We do assume basic knowledge of set theory
Given two sets A and B. What does AxB mean? read : A cross B
What does A* mean? read : A Kleene Star
Foundations
In this post, we discuss the notion of an alphabet and a language.
What is an Alphabet?
English Alphabet
First lets go over the natural notion of an alphabet. So what do we know about the English alphabet?
The characters in the English alphabet are called letters.
Letters can be seen as having a “length of 1” For example; “ab” is not a letter because it’s length is two.
There are 26 letters in the alphabet.
Each letter has two representations, capital “A” and lowercase “a”
Concatenating letters together form a word.
There is a special character called a “space” which separates words.
A collection of words along with spaces in between them, form a sentence.
Alphabets in Computability
The notion of an alphabet that we will use in computability is quite similar.
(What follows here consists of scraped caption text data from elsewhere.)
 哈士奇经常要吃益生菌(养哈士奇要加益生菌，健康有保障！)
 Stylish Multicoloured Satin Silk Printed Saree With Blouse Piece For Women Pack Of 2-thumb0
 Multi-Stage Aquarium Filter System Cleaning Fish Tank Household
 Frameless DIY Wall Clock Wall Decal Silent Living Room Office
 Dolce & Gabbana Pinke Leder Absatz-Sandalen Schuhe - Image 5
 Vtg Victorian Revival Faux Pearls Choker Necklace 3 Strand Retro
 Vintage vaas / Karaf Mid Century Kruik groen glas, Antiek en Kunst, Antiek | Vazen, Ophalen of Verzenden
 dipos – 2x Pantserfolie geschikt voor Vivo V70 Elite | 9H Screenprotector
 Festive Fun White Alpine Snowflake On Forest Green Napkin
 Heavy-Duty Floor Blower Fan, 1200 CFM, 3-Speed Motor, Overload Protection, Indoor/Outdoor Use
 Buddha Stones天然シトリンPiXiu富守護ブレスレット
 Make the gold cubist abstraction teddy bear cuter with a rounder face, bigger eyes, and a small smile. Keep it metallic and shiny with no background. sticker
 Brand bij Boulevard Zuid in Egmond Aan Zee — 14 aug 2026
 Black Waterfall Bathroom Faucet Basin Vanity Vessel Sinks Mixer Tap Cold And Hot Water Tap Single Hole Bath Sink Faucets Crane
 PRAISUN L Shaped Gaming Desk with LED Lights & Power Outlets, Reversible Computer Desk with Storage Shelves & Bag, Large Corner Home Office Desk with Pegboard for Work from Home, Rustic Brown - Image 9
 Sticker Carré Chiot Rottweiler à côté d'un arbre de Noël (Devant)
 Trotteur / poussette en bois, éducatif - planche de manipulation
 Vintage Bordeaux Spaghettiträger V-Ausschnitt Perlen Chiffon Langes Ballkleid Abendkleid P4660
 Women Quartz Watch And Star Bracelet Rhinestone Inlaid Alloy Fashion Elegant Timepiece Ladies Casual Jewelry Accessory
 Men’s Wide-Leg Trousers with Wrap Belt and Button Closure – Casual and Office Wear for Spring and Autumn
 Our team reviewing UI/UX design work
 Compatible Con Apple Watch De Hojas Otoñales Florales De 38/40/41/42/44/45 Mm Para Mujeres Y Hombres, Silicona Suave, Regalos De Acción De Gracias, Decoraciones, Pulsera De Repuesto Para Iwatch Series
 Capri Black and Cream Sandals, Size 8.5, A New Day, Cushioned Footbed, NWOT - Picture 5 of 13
Lets use the numbered list above to contrast and compare.
The characters in the alphabet are called symbols. We will explicitly define the alphabet when it cannot be inferred from the context. This is similar to real life, in that many natural languages have explicitly defined their alphabet and the alphabet can usually be inferred from the language being spoken.
For example; If I spoke Chinese, you could infer that I am using the Chinese alphabet.
Symbols have a length of 1. This is similar to the English alphabet since letters always have a length of 1.
The number of symbols in our alphabet, will vary depending on the alphabet being used.
Symbols in the defined alphabet have one canonical representation. If a different representation was being used, this would be another symbol. For example; “A” and “a” are two different symbols in computability. In the English language however, “A” and “a” are the same letters.
A finite string of symbols form a word.
There is a special symbol called a “blank symbol” which separates words.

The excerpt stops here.